SVEN SCHUMANN — But you don’t think that?
CYPRIEN GAILLARD — I’d rather say that archaeology has just expanded. The whole city is now one big archaeological site.
SVEN SCHUMANN — How much time did you spend there doing “research?” Did you take part in the Cancún rituals?
CYPRIEN GAILLARD — I went there when I was much younger. I didn’t go to university, but I went to spring break. I went there with some friends. I wanted to experience the whole tropical decadence of just being totally drunk and recovering the next day. Feeling so fragile and looking at these buildings and kind of understanding them in a way. Feeling like you’re recovering and this place is trying to recover, but there’s no fixing it. To me it all makes sense. The whole place is kind of an architectural hangover — something we regret that we did. Cancún is a key piece of my work and my travels because it’s where I integrated consumption and influences of alcohol in my work for the first time.

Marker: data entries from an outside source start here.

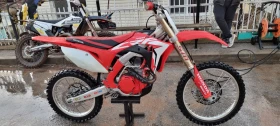 Honda Crf, снимка 6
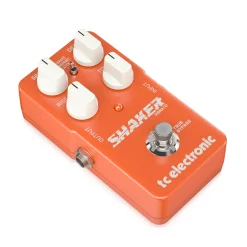 TC Electronic Shaker Vibrato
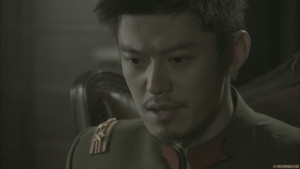 黑狐 1. évad Ep.21 21. epizód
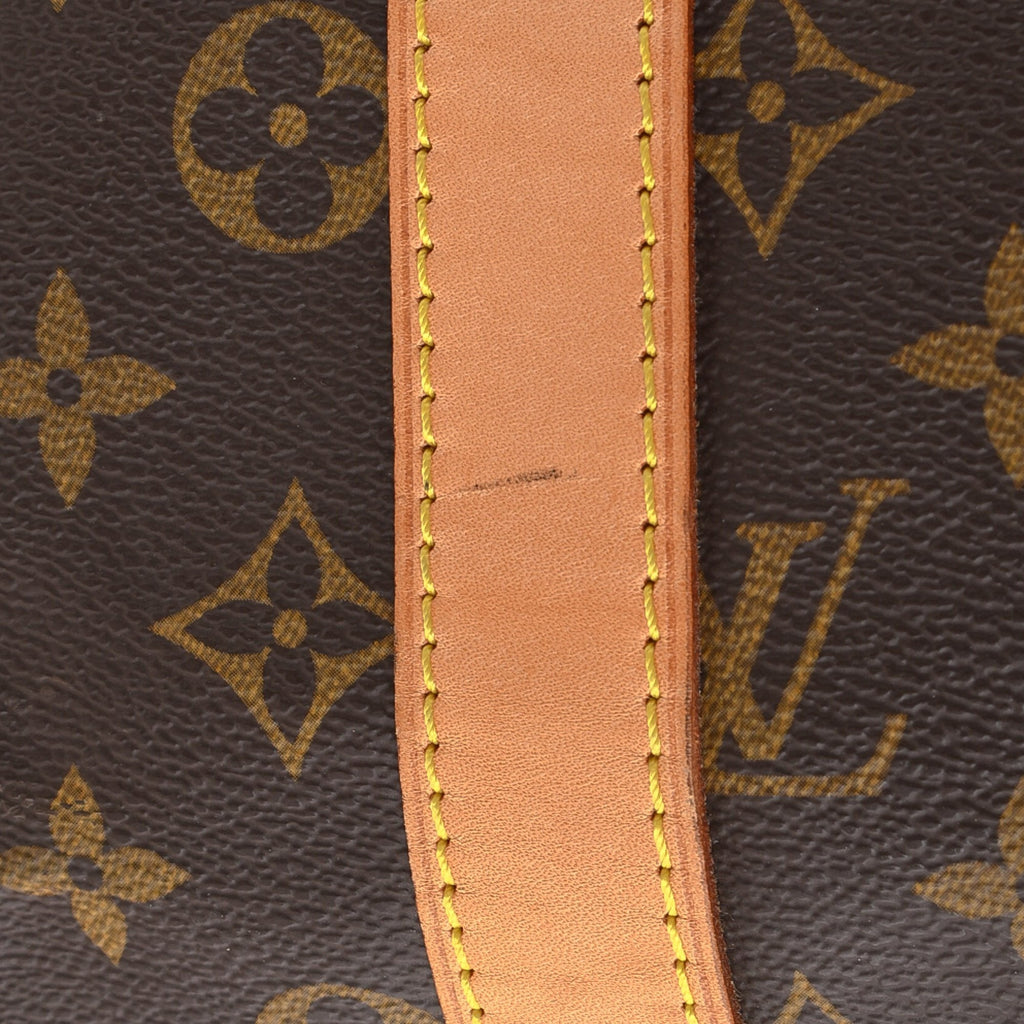 Keepall 45 Bandoulière
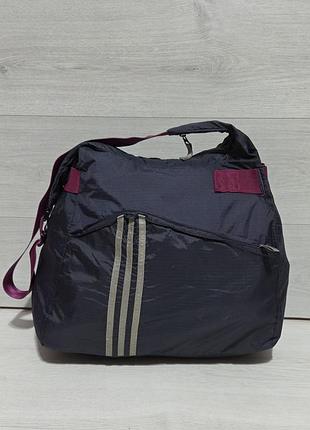 Спортивная сумка adidas, оригинал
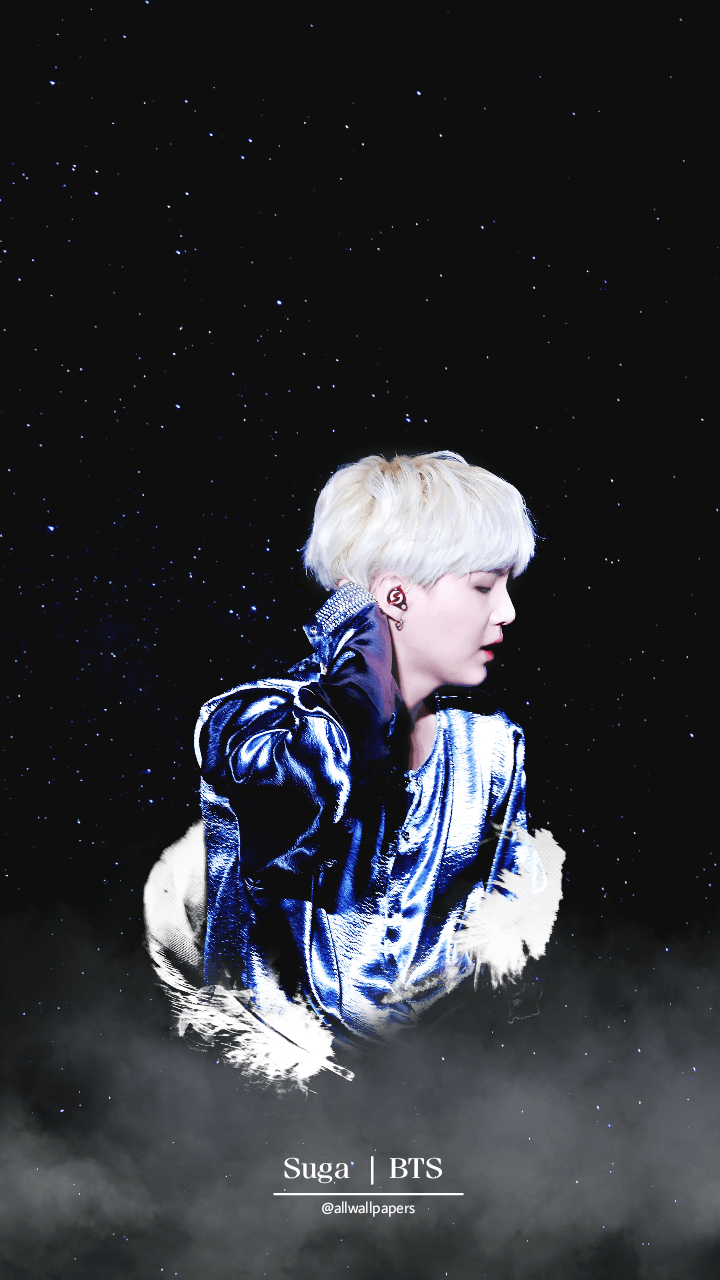 720x1280 Yoongi Dark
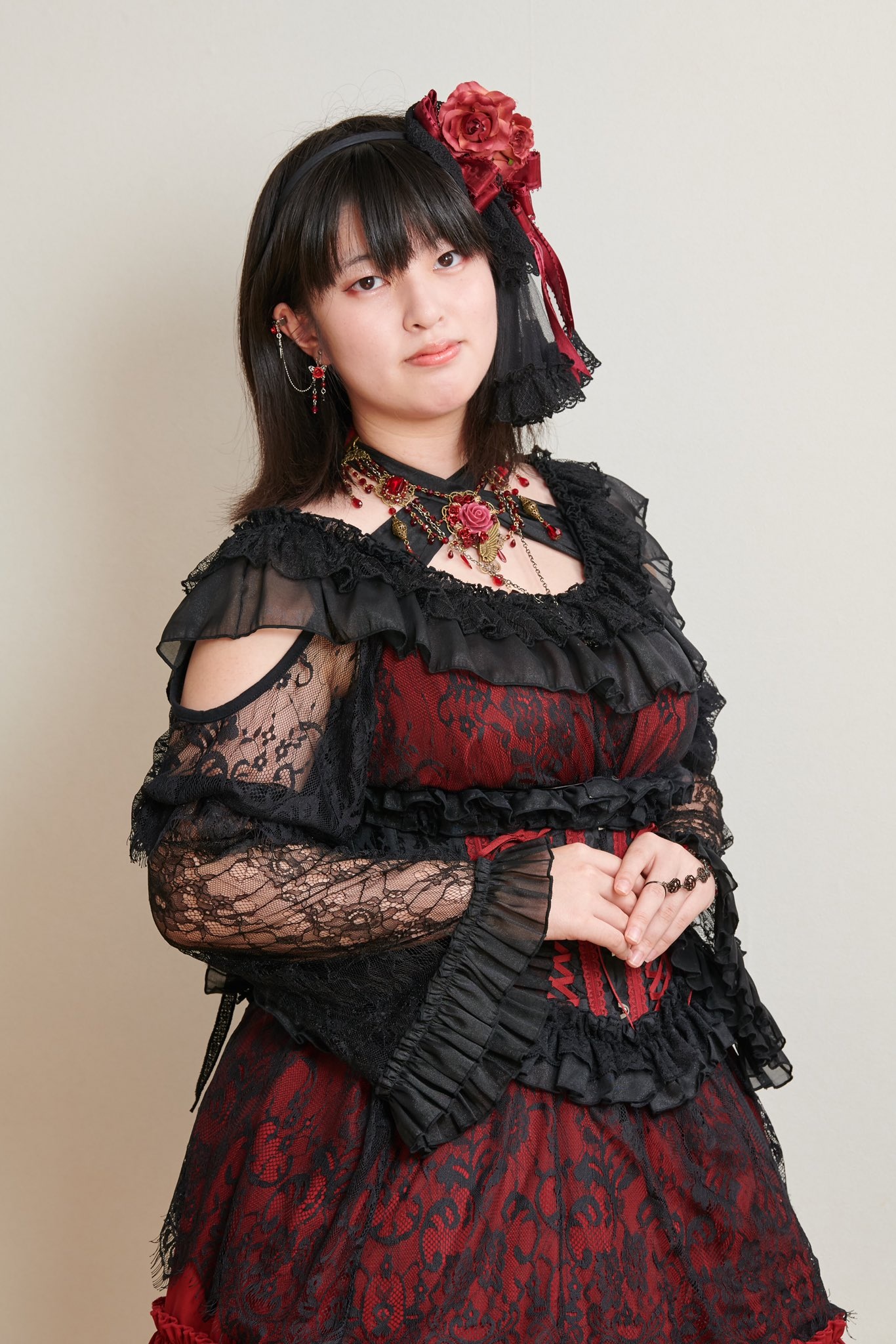 Lolita fashion - Wikipedia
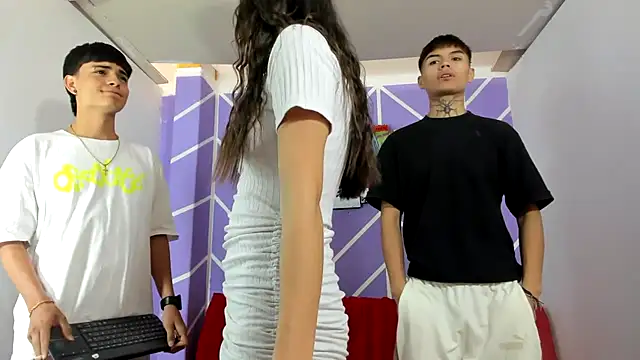 Escarlet Abel-06 online show from 02-07-25, 07:17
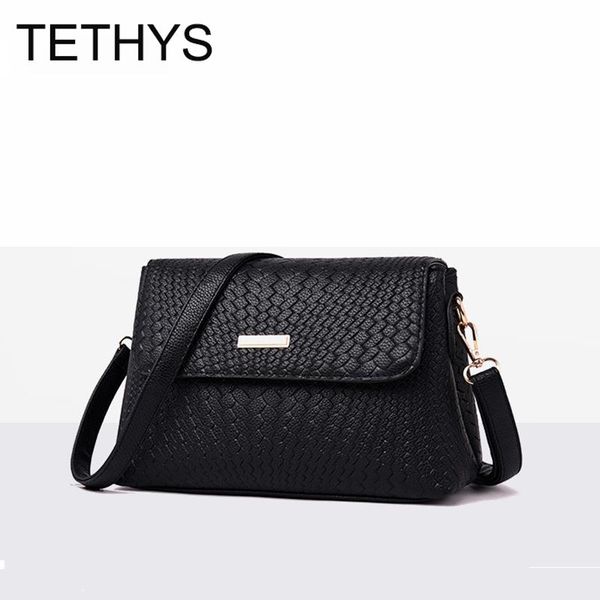 tethys ladies leather shoulder bag women flap crossbody bags leather crossbody bags women messeger bag bolsos sac
tethys ladies leather shoulder bag women flap crossbody bags leather crossbody bags women messeger bag bolsos sac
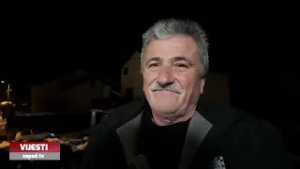 Televizija Zapad - Vijesti 23.02.2026.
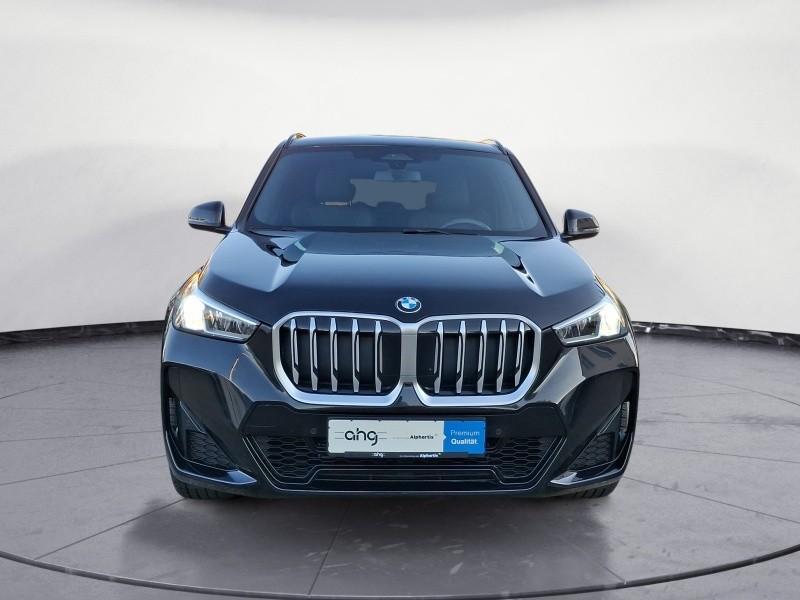 BMW X1 – Bild 10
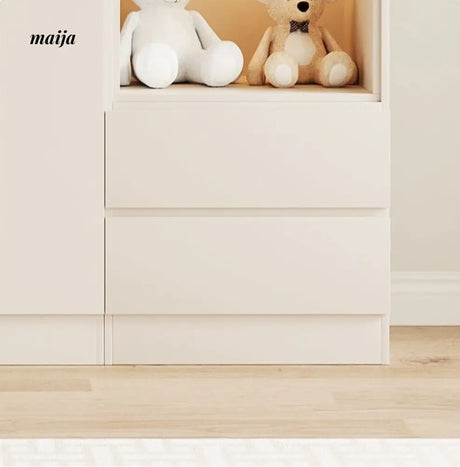 Myrtle Minimalistic Modular Wardrobe from maija
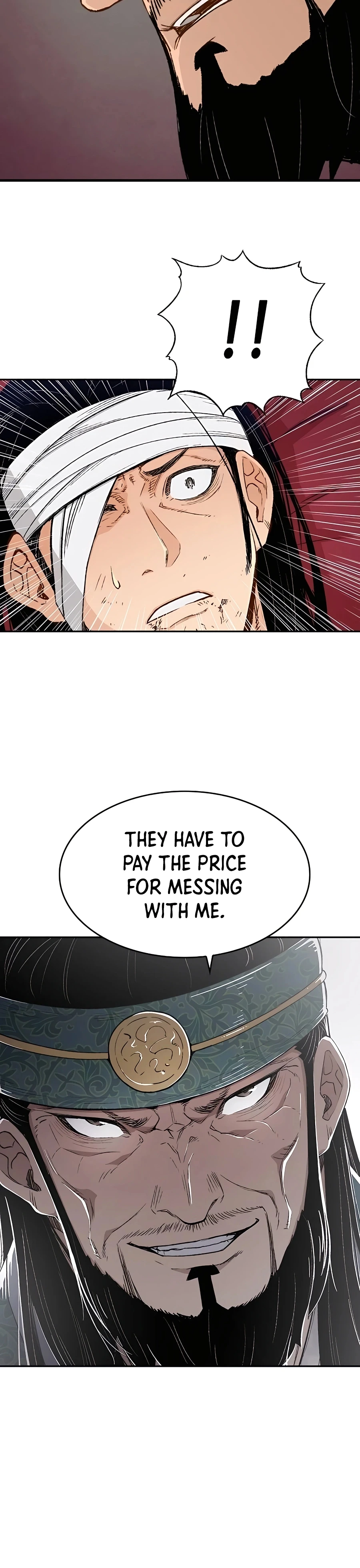Reborn As The Heavenly Demon Chapter 8, page 11 of 32
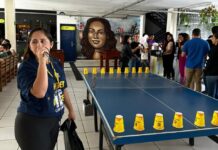 UNINASSAU recepciona estudantes para início do semestre 2026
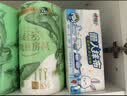 心相印懒人抹布抽取式50抽*4包 加厚一次性抹布 吸油锁水厨房用纸无纺布 实拍图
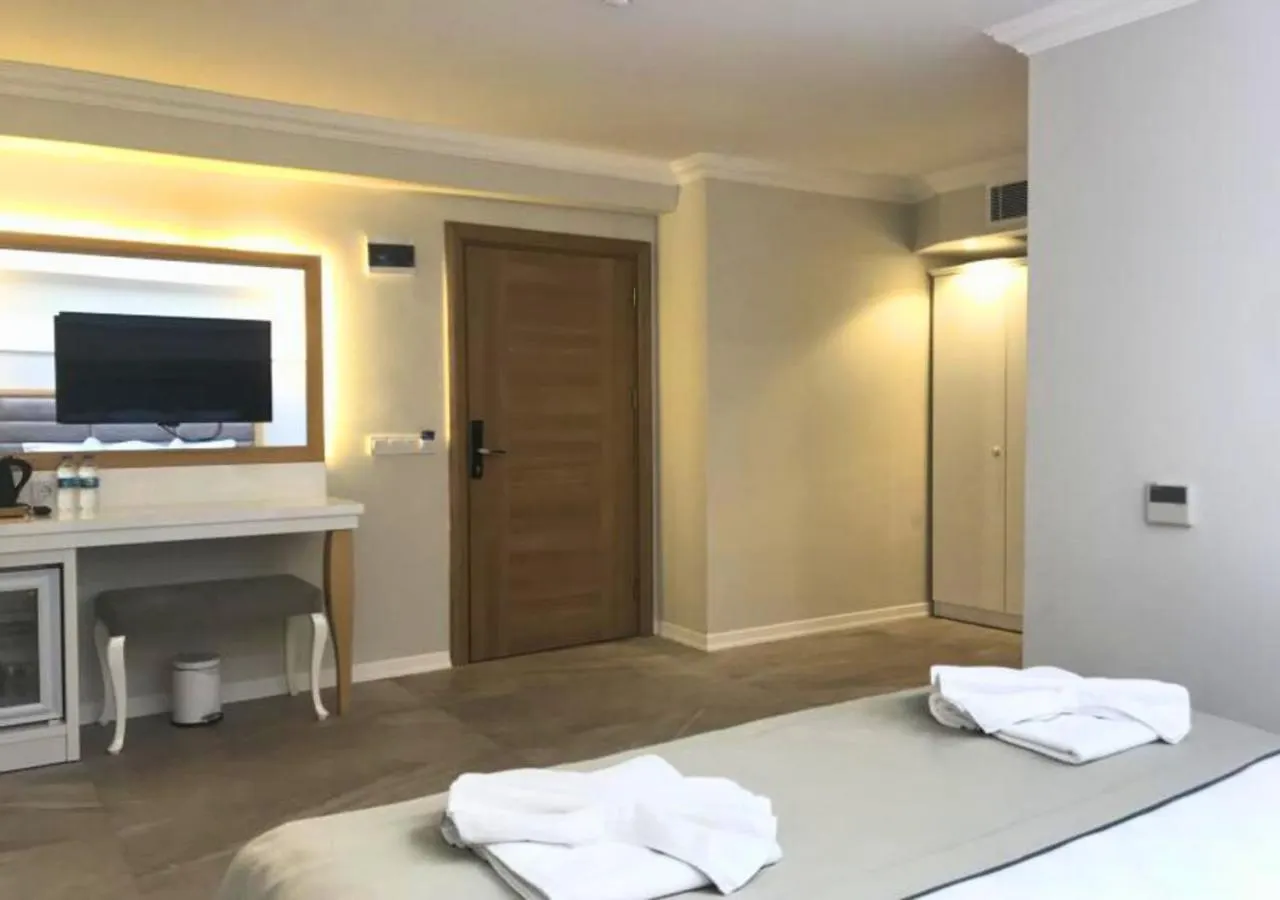 As Hotel Çeşme 0*,  تركيا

SVEN SCHUMANN — How much of your work since then has been influenced by alcohol?
CYPRIEN GAILLARD — It’s defined a lot of the work that I did later on: alcohol in cities, alcohol and archaeology. Some of my ideas, as well as the energy that I have to do the work, come from either drinking or recovering from a big night. I like being hung over. The state that I find myself in the next day allows me to think a bit slower and question things. To put it in a Churchillian way, I have gotten more from alcohol than alcohol has gotten from me.
SVEN SCHUMANN — Sometimes when I’m hung over I’m practically paralyzed.
CYPRIEN GAILLARD — See, I don’t have that. You know why it doesn’t happen? I just wake up and go outside and walk and stare at things. I think it’s how you manage it. You can’t regret it. It’s a bit childish if you do because to me it’s all part of the same thing. You shouldn’t neglect one part. You can’t get away with it either; you’re kind of paying your dues. So the next day
I want to reappropriate this. I want to make sure it goes in a loop, that this is again used to make the work.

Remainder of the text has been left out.